What we don’t know is what happened after that initial flurry, but it is almost certain (and sensible) that the security team would have wanted some time to secure the ‘holes’ before the CEO went public with a statement saying the system had been hacked. It also isn’t beyond the bounds of possibility that the Met asked for time to investigate before the announcement was made just in case trail was still ‘hot’.
The initial announcement was textbook crisis management. Harding was honest, open, apologetic and didn’t hold back. She let everyone know what the worst possible outcome was and individual customers and financial institutions were put on alert to watch for any suspicious activity. She may have looked like a rabbit in the headlights during that first television interview, but that probably had more to do with a lack of sleep and the immense complexity of dealing with the fallout. Those who haven’t held a senior role in a large, regulated, B2C public company will have no idea what it is like dealing with the multiple pressures of customer, shareholder, regulator and other stakeholder communications in a crisis situation.

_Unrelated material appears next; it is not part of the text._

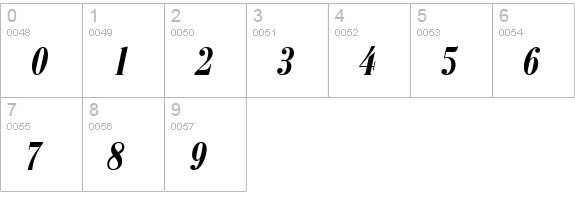 Recital SSi Bold Italic numbers 0-9 preview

Finally, on the hard line attitude to customer contracts, this is also an understandable position. TalkTalk is a public company and as a result, whether we (or she) likes it or not, Harding has a primary fiduciary responsibility to her shareholders to limit the financial impact. TalkTalk is a low margin business, and customer churn has a dramatic impact on the bottom line. I’m sure she will have thought very carefully about the position, however it now appears, that the leaked data, by itself, isn’t enough for customers to be exposed to financial loss, if they take normal precautions and follow the advice given. It was the right decision in my view – even if it wasn’t particularly palatable.
To summarise, it’s an incredibly difficult position to be in and to handle professionally and intelligently. Assuming I’m broadly correct in my analysis of the situation, Harding has performed credibly and limited the damage to the company and to its customers as far as possible. What she does next to restore the reputation of the company will be the real measure of her tenure as CEO of a company that remains in crisis.
Ian Hood is managing director of Babel PR.